A Field in England Poster
  • Not only is A Field In England a film which defies explanation, it wantonly repels it. It’s less a film, it’s a filmed art school stag do. Unlike Kubrick’s 2001: A Space Odyssey which synthesised the experience of an acid trip for the enjoyment of all the family, this is a film which can only be understood and enjoyed while in the heady throes of some toxic freakout.

  • A Field In England is [Wheatley's] first period piece, and a decided departure, but he still seems primarily interested in goosing the audience for the sheer fun of it. Shot in black and white, the film is no more than the sum of its empty gestures, as Wheatley tosses in whatever arresting idea occurs to him...

  • The use of the countryside landscape and character behavior brings to made some of Ozualdo Candeias experiments with imploding popular cinema from within. As with his other films, except for Kill List, its tone is all over the place and always on the verge of fall apart. As a shotgun marriage of exploitation and experimental film, it remains consistent interesting if maybe more clever than successful.

  • This is far and away Wheatley's weirdest film yet (although admittedly I haven't seen Down Terraceyet), but I feel like I can catch its general drift, even if its moment-to-moment maneuvers elude me. A Field in England strikes me very definitively as a psychedelic Peter Watkins film, a Cullodenesque riff on historical reconstruction as slapdash vérité.

  • If noting that Ben Wheatley's latest plays like a heady mix of Samuel Beckett, Jim Jarmusch's Dead Man, and Monty Python riffing on The Seventh Seal doesn't exactly add much to the critical conversation, I think it nevertheless goes some way toward providing a sense of how pleasurable (if occasionally trying) and strange a film this is.

  • The film's main achievement is its tone. Consistently oblique and off-balance, it thrives on tensions both thematic and stylistic... A Field In England is most successful when it lets these tensions manifest themselves organically; when it pushes too far in one direction or the other, often when it's trying to add humor to the proceedings, it treads too close to gimmick.

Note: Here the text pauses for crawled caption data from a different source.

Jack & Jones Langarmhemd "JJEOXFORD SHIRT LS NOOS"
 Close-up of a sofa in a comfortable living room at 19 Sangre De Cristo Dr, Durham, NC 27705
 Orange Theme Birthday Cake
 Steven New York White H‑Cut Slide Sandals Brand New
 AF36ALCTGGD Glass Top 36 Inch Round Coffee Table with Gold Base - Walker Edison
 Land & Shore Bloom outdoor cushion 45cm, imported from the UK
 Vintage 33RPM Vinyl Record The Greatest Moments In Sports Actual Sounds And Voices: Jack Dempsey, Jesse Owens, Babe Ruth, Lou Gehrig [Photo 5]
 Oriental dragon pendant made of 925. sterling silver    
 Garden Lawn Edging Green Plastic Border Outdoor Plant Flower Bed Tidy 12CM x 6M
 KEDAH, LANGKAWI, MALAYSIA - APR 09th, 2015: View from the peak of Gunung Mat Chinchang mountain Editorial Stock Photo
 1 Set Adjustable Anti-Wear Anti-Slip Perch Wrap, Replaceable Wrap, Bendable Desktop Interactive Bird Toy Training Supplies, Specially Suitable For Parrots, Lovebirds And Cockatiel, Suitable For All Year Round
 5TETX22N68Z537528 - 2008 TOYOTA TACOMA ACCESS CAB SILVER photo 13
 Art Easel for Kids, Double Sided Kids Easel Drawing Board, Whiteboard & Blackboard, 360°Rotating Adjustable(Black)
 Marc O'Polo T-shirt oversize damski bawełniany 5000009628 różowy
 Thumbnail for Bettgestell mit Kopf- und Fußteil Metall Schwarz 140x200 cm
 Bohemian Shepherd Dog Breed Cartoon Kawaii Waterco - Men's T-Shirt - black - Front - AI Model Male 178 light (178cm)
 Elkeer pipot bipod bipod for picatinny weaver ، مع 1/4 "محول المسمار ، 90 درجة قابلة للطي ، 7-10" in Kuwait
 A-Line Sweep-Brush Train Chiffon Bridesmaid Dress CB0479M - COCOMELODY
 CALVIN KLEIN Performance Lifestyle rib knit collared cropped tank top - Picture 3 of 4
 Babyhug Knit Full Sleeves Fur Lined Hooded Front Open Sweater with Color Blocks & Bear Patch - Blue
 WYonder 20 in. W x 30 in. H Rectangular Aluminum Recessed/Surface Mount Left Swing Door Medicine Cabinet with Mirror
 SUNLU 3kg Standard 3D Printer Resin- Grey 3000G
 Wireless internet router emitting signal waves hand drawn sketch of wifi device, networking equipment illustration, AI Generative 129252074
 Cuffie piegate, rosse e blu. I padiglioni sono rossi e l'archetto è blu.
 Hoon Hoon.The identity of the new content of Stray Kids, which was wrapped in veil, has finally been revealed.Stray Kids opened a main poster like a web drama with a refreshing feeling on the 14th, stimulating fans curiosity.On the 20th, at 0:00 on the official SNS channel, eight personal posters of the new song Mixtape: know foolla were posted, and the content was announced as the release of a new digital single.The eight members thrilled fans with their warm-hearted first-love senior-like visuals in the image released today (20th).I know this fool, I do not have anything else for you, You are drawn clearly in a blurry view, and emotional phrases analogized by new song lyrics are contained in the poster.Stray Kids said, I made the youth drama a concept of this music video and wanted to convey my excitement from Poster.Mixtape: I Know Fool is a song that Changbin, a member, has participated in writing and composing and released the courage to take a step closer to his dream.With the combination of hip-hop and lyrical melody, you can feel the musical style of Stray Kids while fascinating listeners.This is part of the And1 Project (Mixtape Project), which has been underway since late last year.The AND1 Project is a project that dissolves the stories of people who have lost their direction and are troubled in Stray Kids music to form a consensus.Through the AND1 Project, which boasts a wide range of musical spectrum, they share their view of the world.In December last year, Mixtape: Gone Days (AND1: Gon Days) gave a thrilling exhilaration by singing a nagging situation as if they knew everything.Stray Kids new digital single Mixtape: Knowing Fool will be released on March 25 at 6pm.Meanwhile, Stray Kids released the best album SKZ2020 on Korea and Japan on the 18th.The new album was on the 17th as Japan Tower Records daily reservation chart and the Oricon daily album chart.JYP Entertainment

  • In the manner of certain bawdy, bloody works of 1960s and 1970s art cinema, not to mention psychedelic midnight flicks from the same era, it's all over the place and often seems to be trying too hard to accomplish goals it can't quite articulate... Shot in mostly handheld black-and-white wide-screen images, this is a deeply, at times exclusively visceral film. It aims to wring out, mind-eff and visually beat up its viewers, and cast a malevolent spell in the process.

  • Story is secondary – if that – in Wheatley’s world. This is a film built on sensation, misdirection and randomness. The result can be maddeningly obtuse, but it’s also breathtakingly lovely and genuinely unsettling.

  • This occult, absurdist journey conflates the English Civil War with seventeenth-century practitioners of Magick and their handy employment of hallucinogens—using a mushroom-fueled treasure hunt as pretext for considerable goth havoc and grungy invective packed into a tight ninety-minute workout.

  • While [co-screenwriter Amy] Jump sets up fairly clearcut oppositions between the men of reason (the scholar Whitehead, who remains clueless about the way of the world), pagans and peasants, wherever possible Wheatley means to confuse and confound, to pull the rug out from under us, and himself too. It’s a welcome, unruly impulse in a filmmaker so early in his career, a defiant signal that Mr. Wheatley is not going to be pigeonholed as easily as all that.

  • [Wheatley and Jump] imbue their supernatural Civil War–era tale A Field in England with Sixties psychedelia (strobe effects, Rorschach hallucinations) and modern urban diction persuasively applied to archaic vernacular dialogue. The strategy is not unfamiliar but, aided by Jim Williams’s ethnic ambient score, the fusion is so successful here that it makes the strangeness of mystic Albion come stunningly alive—notwithstanding the playful, ribald storytelling.

  • Even more than in Wheatley’s previous work, the feeling here is of a filmmaker exhilaratingly striking out on his own idiosyncratic path – and perhaps not caring too much whether he’s bringing all his public along with him.

  • Ben Wheatley’s A Field in England, winner of the Special Jury Prize, was the boldest film in competition and also the most exhilarating. By far Wheatley’s most experimental work to date, it constitutes one of those felicitous instances in which a talented director is given a relatively small budget and free rein, resulting in a wildly inventive film bursting with contagious energy.

  • Ironically Field feels at once more artful than Nothing Bad [Can Happen] and more satisfying as pulp entertainment. Jump's wicked sense of humor and Wheatley's psychedelic visuals advance a distinctive worldview, making a wild ride of the characters' descent into madness.